__Work to be completed__. Print exactly the lines below between the line containing "dnf好感度buff能持续几天 血法师buff换装-第70张" and the line containing "Circuito a la montaña Huchuypicchu", counting both of those lines. Leave pictures out.

START Records provided

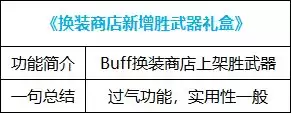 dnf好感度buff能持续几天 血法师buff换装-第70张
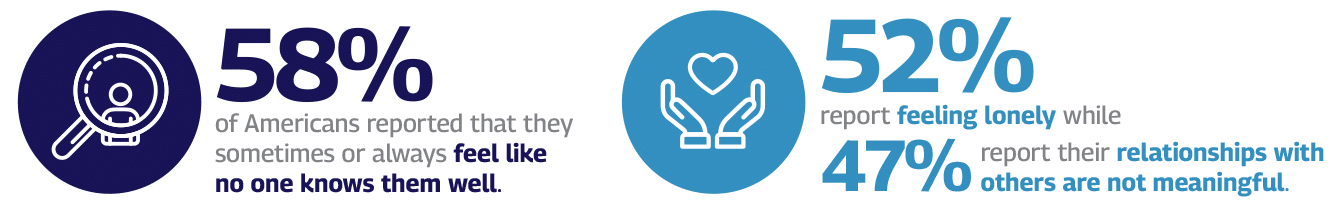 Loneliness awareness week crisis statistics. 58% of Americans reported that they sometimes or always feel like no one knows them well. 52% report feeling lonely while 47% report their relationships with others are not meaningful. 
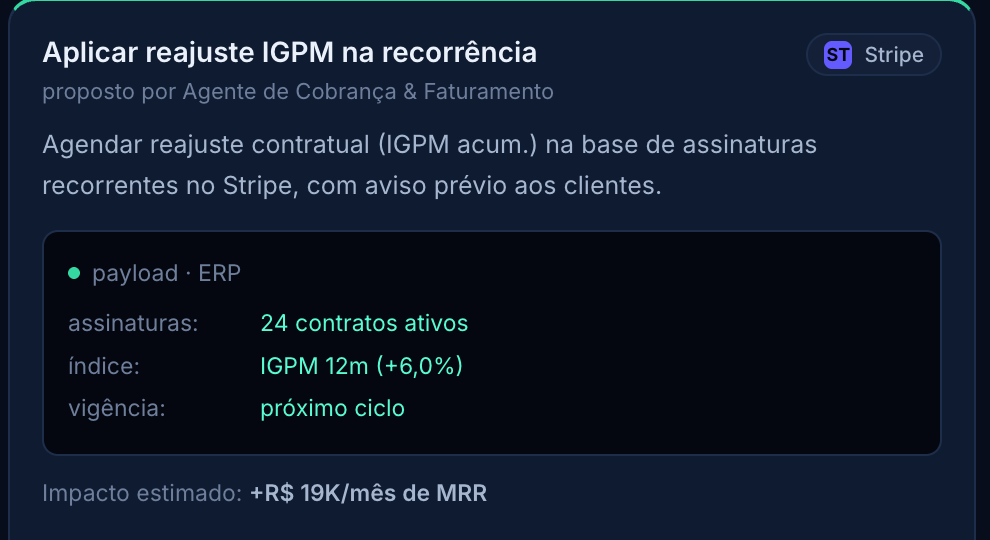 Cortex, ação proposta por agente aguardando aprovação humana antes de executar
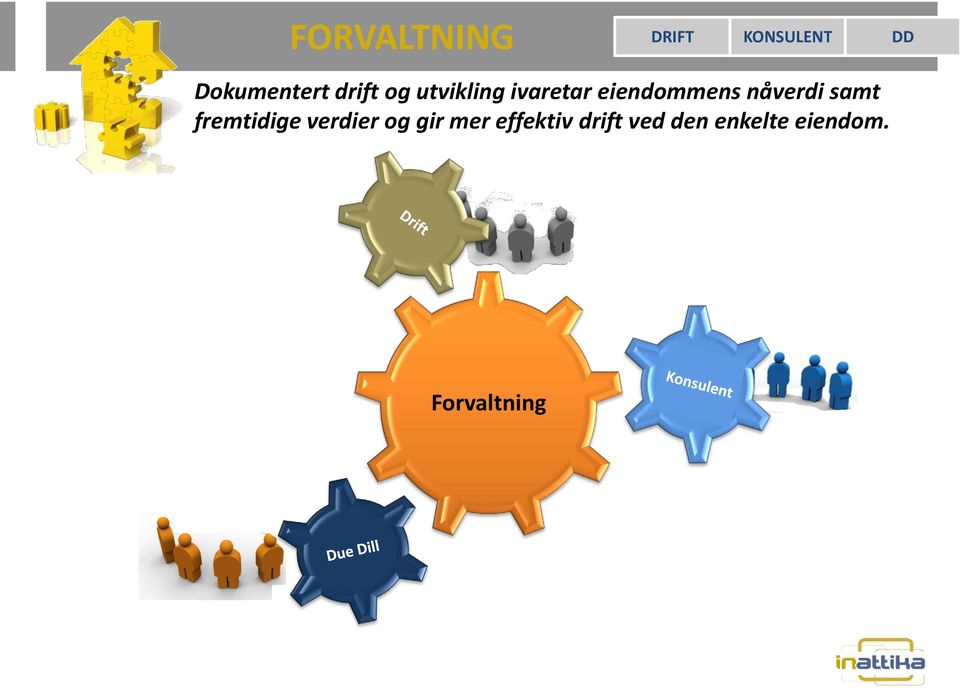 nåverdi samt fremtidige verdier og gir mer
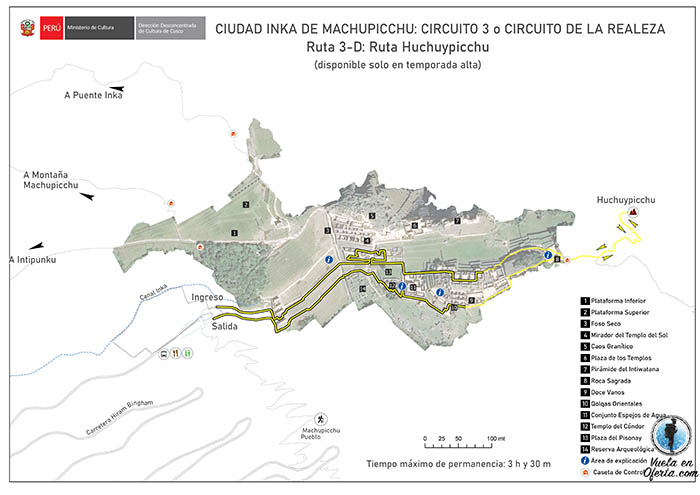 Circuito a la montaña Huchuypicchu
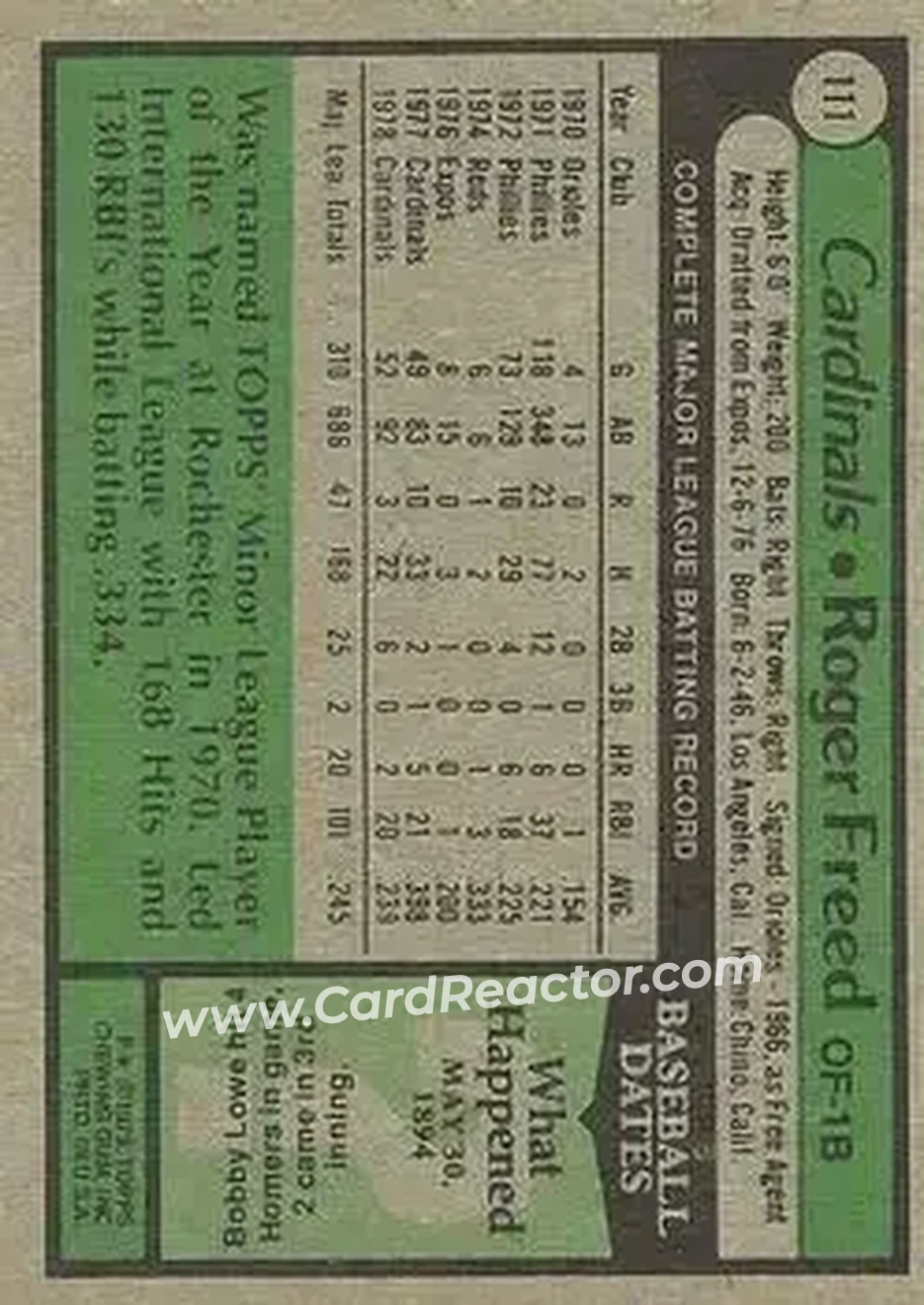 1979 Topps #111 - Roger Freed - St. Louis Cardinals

END Records provided
START Records provided

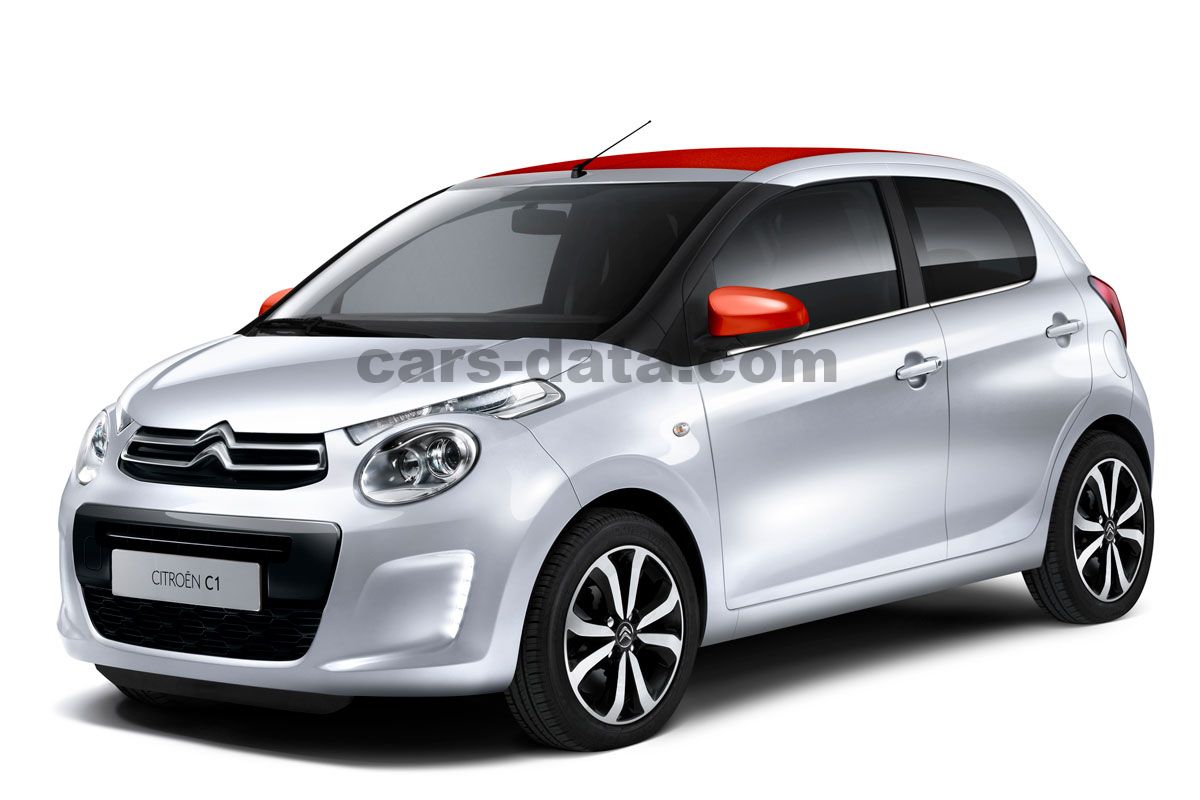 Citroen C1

END Records provided
START Records provided

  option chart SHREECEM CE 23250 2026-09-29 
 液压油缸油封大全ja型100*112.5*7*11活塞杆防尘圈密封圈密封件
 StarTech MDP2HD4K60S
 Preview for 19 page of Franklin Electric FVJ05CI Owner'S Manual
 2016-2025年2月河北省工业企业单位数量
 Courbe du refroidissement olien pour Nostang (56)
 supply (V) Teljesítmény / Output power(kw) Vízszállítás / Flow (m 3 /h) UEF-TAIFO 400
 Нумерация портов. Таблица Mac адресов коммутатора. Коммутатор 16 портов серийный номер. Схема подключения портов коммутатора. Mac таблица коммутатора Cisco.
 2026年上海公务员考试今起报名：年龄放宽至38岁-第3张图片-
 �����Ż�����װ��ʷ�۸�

END Records provided

__Solved problem__.
 dnf好感度buff能持续几天 血法师buff换装-第70张
 Loneliness awareness week crisis statistics. 58% of Americans reported that they sometimes or always feel like no one knows them well. 52% report feeling lonely while 47% report their relationships with others are not meaningful. 
 Cortex, ação proposta por agente aguardando aprovação humana antes de executar
 nåverdi samt fremtidige verdier og gir mer
 Circuito a la montaña Huchuypicchu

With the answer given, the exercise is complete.